* [Problem to solve]
Beginning at the line that includes "Insatiable Love 2" in the entries below, print each line exactly as it appears, through the last one.

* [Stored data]

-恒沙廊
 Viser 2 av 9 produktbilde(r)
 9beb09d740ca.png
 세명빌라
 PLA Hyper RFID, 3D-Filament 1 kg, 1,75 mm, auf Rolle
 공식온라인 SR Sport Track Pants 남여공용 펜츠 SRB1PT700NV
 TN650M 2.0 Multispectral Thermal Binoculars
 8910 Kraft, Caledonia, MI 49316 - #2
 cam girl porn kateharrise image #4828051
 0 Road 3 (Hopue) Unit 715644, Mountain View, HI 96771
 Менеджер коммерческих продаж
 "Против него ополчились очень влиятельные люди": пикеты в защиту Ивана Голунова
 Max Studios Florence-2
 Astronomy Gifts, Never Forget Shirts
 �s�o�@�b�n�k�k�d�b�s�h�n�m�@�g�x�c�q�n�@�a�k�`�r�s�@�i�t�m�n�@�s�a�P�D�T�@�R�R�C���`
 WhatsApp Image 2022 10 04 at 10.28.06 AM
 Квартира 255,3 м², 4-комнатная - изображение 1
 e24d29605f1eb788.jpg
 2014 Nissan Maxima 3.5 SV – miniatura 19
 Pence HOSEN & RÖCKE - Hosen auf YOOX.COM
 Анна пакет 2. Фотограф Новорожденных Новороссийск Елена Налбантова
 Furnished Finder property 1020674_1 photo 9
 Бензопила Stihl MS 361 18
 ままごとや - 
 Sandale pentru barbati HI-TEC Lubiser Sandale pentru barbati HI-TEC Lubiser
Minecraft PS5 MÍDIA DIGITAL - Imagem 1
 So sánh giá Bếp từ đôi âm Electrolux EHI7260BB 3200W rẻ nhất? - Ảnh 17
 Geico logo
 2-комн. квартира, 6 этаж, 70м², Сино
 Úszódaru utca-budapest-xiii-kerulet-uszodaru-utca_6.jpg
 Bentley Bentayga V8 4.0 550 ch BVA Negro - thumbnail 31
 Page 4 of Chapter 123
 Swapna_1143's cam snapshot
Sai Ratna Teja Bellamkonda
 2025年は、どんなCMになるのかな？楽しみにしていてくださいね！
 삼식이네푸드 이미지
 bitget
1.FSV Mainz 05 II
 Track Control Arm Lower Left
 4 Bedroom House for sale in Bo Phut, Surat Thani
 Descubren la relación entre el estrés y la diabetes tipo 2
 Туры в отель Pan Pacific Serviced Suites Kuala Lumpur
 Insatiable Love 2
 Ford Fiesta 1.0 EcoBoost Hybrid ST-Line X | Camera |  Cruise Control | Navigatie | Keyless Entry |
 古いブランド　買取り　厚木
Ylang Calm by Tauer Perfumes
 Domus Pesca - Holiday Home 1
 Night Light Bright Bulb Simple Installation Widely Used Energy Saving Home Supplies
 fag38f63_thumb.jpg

* [Solution]
 Insatiable Love 2
 Ford Fiesta 1.0 EcoBoost Hybrid ST-Line X | Camera |  Cruise Control | Navigatie | Keyless Entry |
 古いブランド　買取り　厚木
Ylang Calm by Tauer Perfumes
 Domus Pesca - Holiday Home 1
 Night Light Bright Bulb Simple Installation Widely Used Energy Saving Home Supplies
 fag38f63_thumb.jpg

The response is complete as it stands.